According to an interview with the Belgian hip hop YouTube channel Tarmac, the title stands for “Qui Aime Like Follow” (Who Loves Like Follow). Fans are speculating that the tracks released on Sept. 18 are only the first part of a possible double record due to the last track being titled “INTRO.”

Some fans, including Belgian rapper Kobo, are also questioning why there are two album covers surfacing the web showing two different durations. The original album being 45:05 and another almost identical cover with three minutes added to the original 45.

A fifteenth track is another possible reason for the added three minutes in the second cover. A Twitter fan posted a screenshot of Damso’s QALF playlist that reveals an unlisted song titled “Jade.”

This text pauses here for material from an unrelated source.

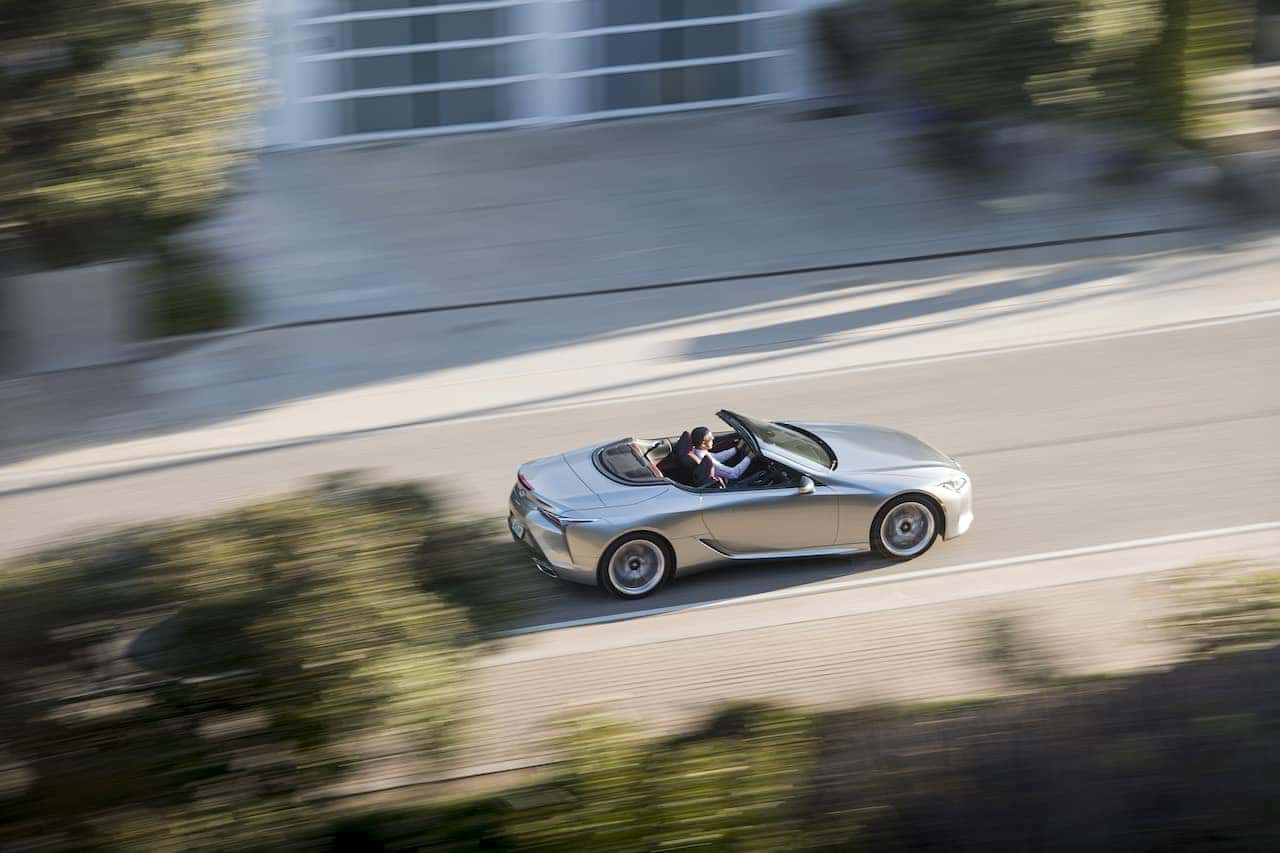 Silver Lexus LC 500 Convertible driving down a street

Although highly-anticipated, QALF‘s sudden release was announced in an Instagram post, leaving his 1.8 million followers pleasantly surprised. The post simply captioned, “Bonne Écoute” (Good Listening) with the Vulcan Salute emoji. Listeners who stuck around since Batterie faible would recognize the emoji as the rapper’s signature #Vie hand sign.

Damso fans will also recognize some of Belgium’s biggest artists featured in the new album such as rapper Hamza and singer Lous and the Yakuza, who is also originally from the Democratic Republic of the Congo.

His collaboration with Fally Ipupa, one of the most popular rumba singers in his home country, the Democratic Republic of the Congo, is arguably the most exciting collaboration on the whole album. “FAIS ÇA BIEN” combines both Fally Ipupa’s Lingala singing with Damso’s rap over rumba music that shifts to a more trap beat early in the song.

Fans get to also hear the rapper’s son Lior speak for the first time in “DEUX TOILES DE MER.” The title is a reference to a voicemail Lior left his father, where he stumbles saying “des étoiles de mer” (starfishes) while talking about the different sea animals he saw.

After Lior’s heartwarming voicemail, the song transitions into a delicate piano piece where Damso sings about how much he misses his son and how he is no longer with the mother. The close bond between Damso and his son is well-known among fans, as the rapper occasionally featured the toddler in his Instagram stories.

Between QALF and his 2018 album Lithopédion, Damso continued to regularly feature on French rapper Kalash’s hits and held a concert in Laval on May 10, 2019. The scale of his fanbase in Quebec was underestimated when fans urged him to move the concert from MTELUS to Place Bell due to high demand.

But the success QALF received within the first week of its release showed that despite the couple of years he spent staying out of the public eye, fans who love him are ready to like and follow.